Now I just say this:  Christianity is my insurance policy.

If there really are a hundred ways to heaven, I’m good.

If there really is nothing after life, I’m still good.

If I never wreck the car, well hot dog.

If my mom’s right, if this God really does care about my petty superficialities, and is judgmental, who has the right to judge, I’m covered by the blood of the Lamb, a blanket policy that doesn’t expire till I stop paying.  And all I do (or all I should do anyway) isn’t in vain.

When the car’s totaled, there’s a replacement waiting for me.  When this body gives up the ghost, there’s another waiting.  Hopefully a better looking one.

That’s what this was all about.  Why do I still believe what my mother always told me?  Why don’t I regulate the warts to a happy accident?  Why don’t I just reject the fear and live how I like?

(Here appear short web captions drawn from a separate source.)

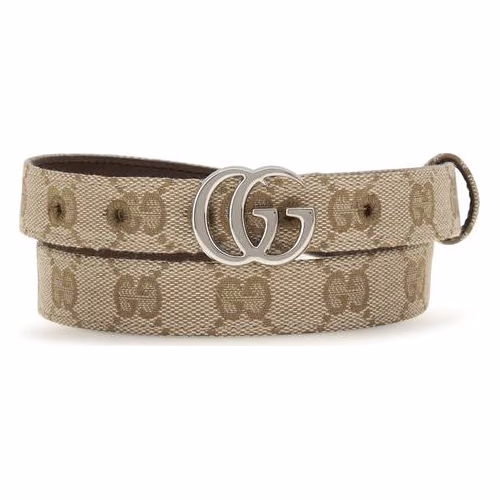 Gucci Beige Fabric Thin Belt
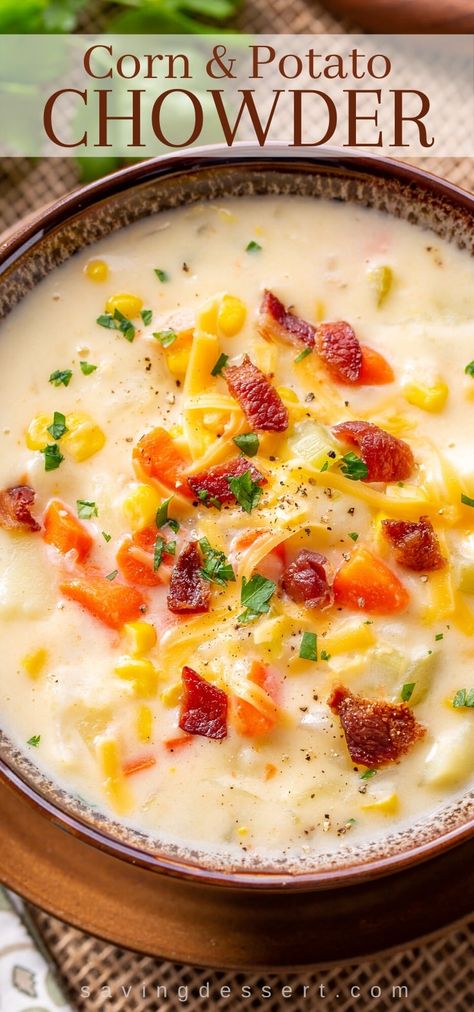 Creamy Cheesy Corn, Best Corn Chowder Recipe, Corn Potato Chowder, Corn And Potato Chowder, Creamy Corn Chowder, Corn Chowder Soup, Soup Making, Corn Soup Recipes, Chicken Corn Chowder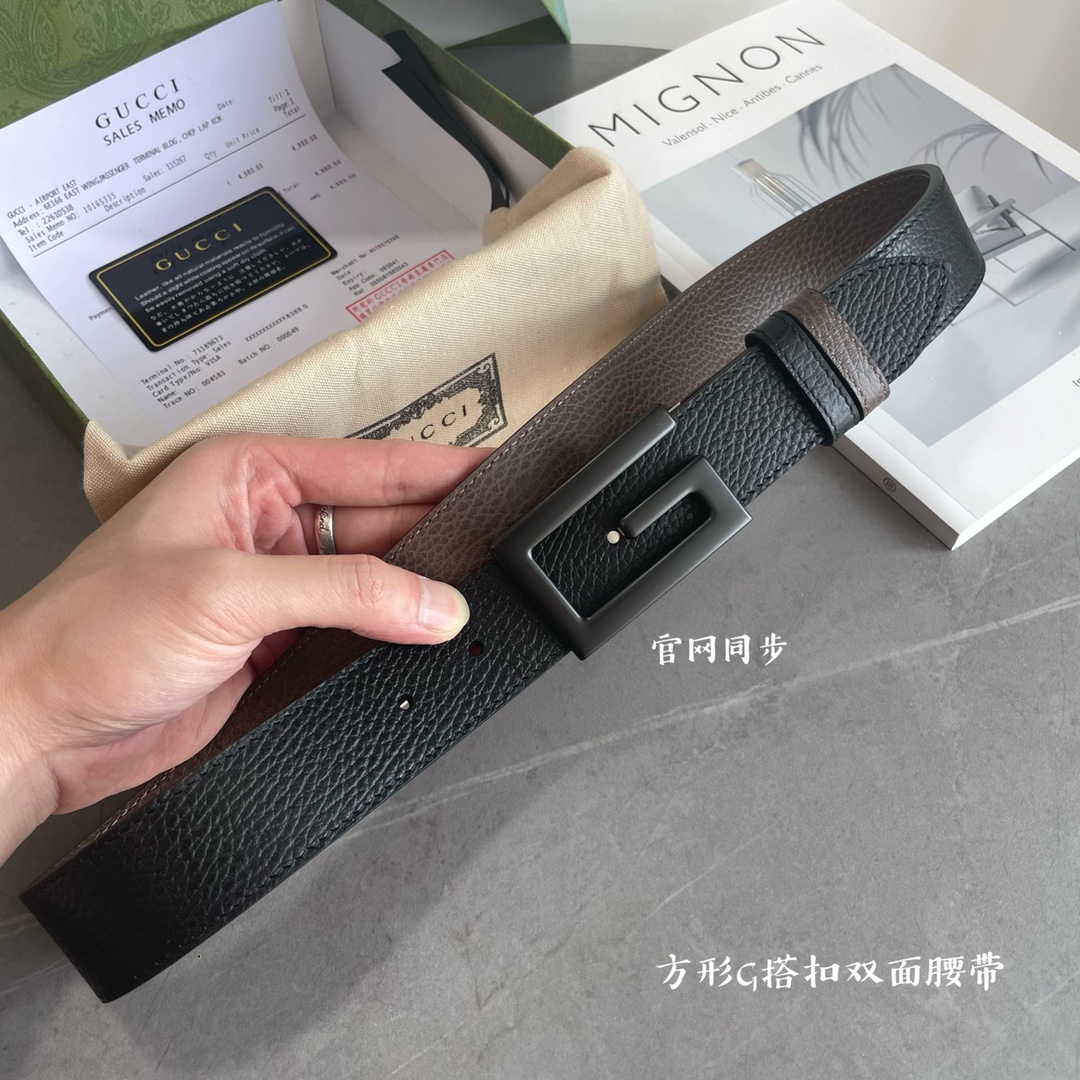 Gucci Leather Belts 1:1 Mirror Version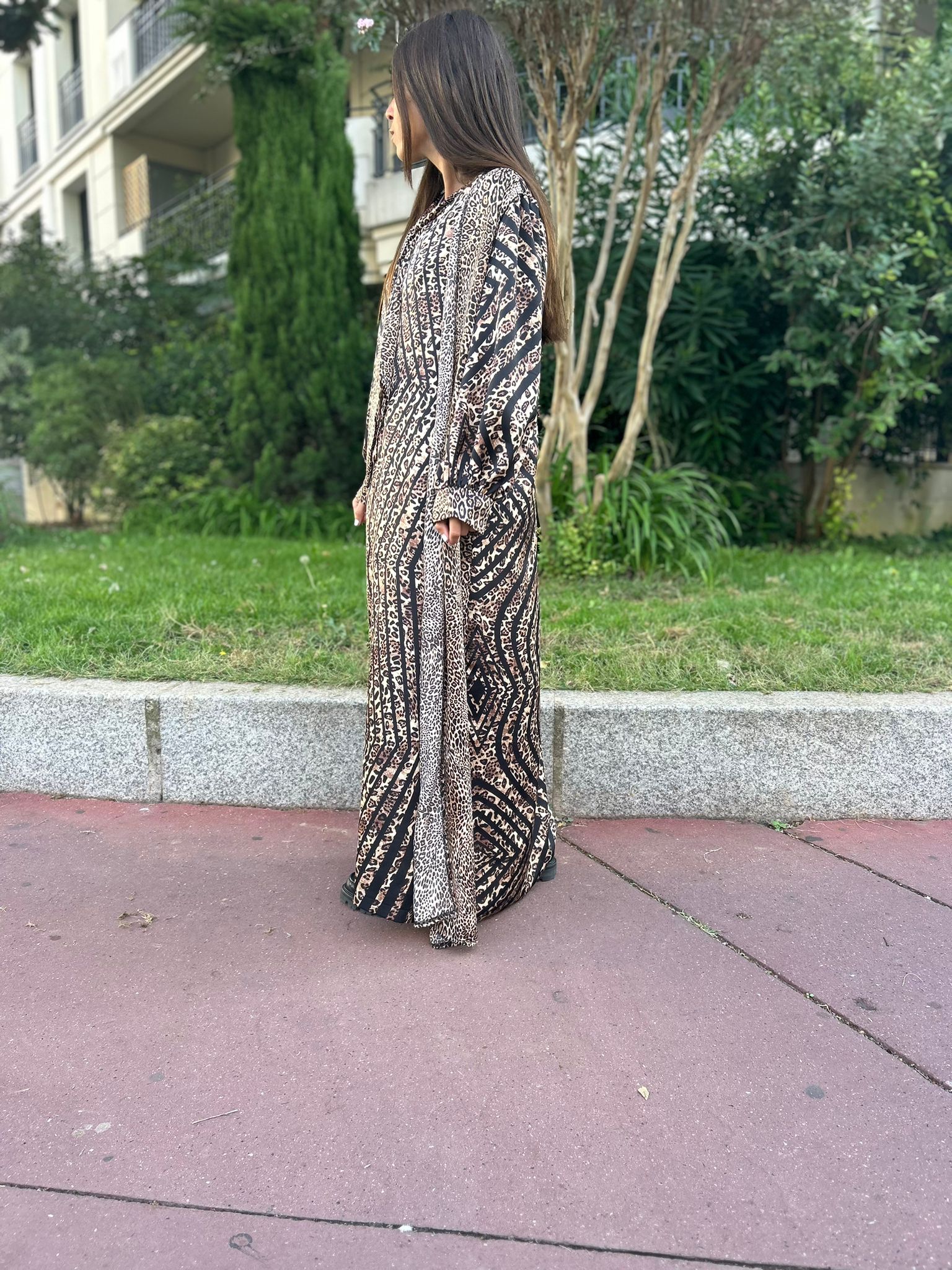 Robe « Hanna » léopard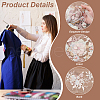 3D Flower Beading Polyster Embroidery Ornaments Accessories DIY-WH0622-001A-4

Because I still live at home.

That’s not even a good enough reason for me.  It’s as if I didn’t choose to be a Christian, when I kind of did.

A slightly better reason is this:  my religion is my crutch.

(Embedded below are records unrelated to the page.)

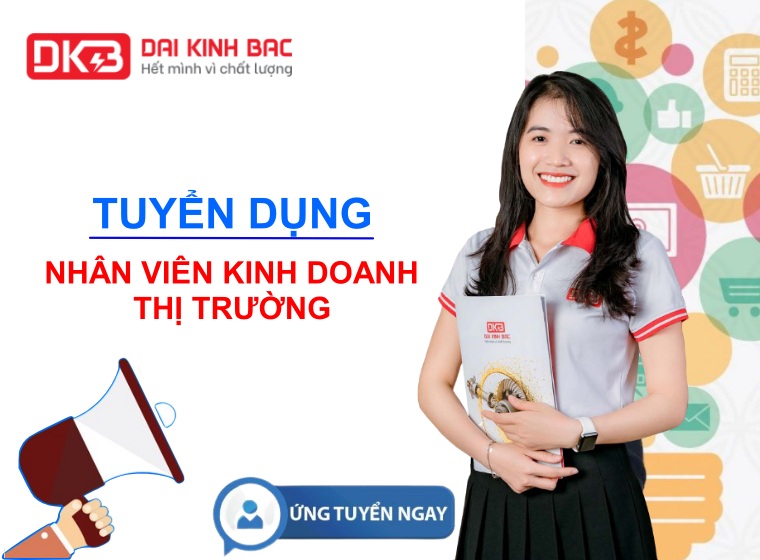 TUYỂN 04 NHÂN VIÊN KINH DOANH THỊ TRƯỜNG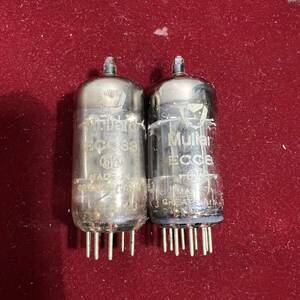 56 Mullard ECC83 1973年頃 2本 ビンテージ真空管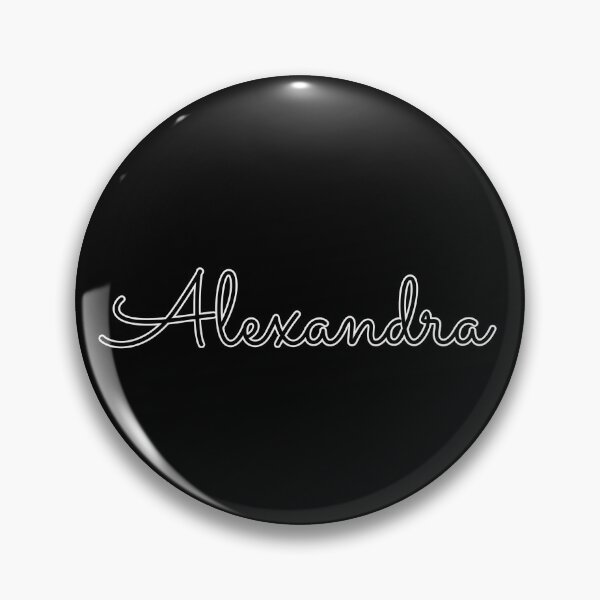 Item preview, Writing Alexandra Name Label (Black) designed and sold by NormadWorld.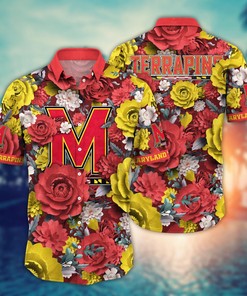 Maryland Terrapins NCAA Flower Hawaii Shirt For Fans Ver 8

I love when people get offended when people call the idea of God a crutch.  This, I think, is the very nature of human beings.  If you’re a Christian, you believe you are nothing without Jesus.  You accept the fact you need Him.  Yet, when someone calls it what it is, you don’t like it.

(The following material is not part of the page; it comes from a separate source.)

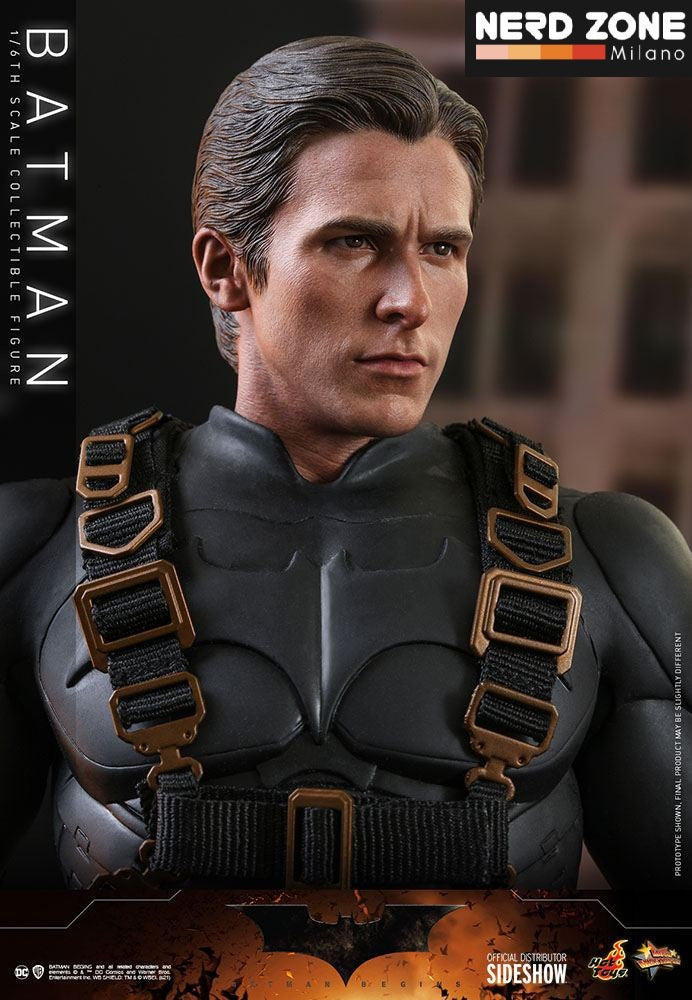 HOT TOYS - Batman Begins Movie Masterpiece Action Figure 1/6 Batman Hot Toys Exclusive 32 cm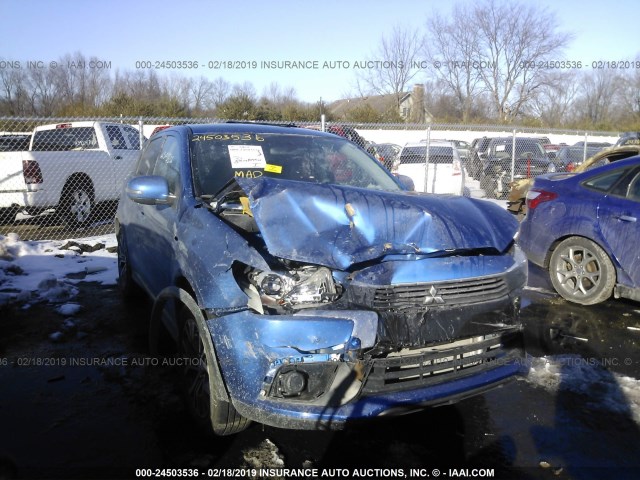 JA4AP3AU9GZ062483 - 2016 MITSUBISHI OUTLANDER SPORT ES/SE BLUE photo 1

And the funny thing is, He wants us to come by our own free will.  Jesus says, “I love you.  I died for you.  I want you with Me.  But I won’t make you choose Me.” And you don’t have to.

The catch is, you won’t get very far without Him.

Adam’s curse is that we’re all born broken, all in need of something to hold us together in this life.  Jesus’s gift is the hope of being fixed one day, in the next life, repaired to the point of being unbreakable.

It’s like God wants us to have spiritual Stockholm Syndrome or something.

I wonder what a healthy view of God, religion, and Jesus is.  My question is constantly, why do I bother with Christianity?  I’m not a good Christian.  I have several book-related issues.  One, I like secular romance books and can’t stand Christian romance.  Two, I’m addicted to buying books (not addicted to buying romance books, though; just books in general).  I feel more for fictional people than I do for real people.  I’m certain if I read my Bible like I did novels, I’d be a Bible genius.  I’m apathetic and misanthropic in turns.  I’m self-centered (not selfish, but self-centered), and narcisstic.  I don’t have a bleeding heart.  I’m lazy and don’t care for the temple that’s supposed to be my body.  I’m judgmental and indecisive.  I focus on the wrong things.  I ask the wrong questions and question the wrong things.  “He knew all the wrong answers to the right questions and all the right answers to the wrong questions,” says Lloyd Alexander of Fflewddur Fflam in The Truthful Harp.  I always identified with him.

Despite all of that, I have hope I could be decent person someday.  And hope is a good thing, a good ideal.  And ideals don’t die.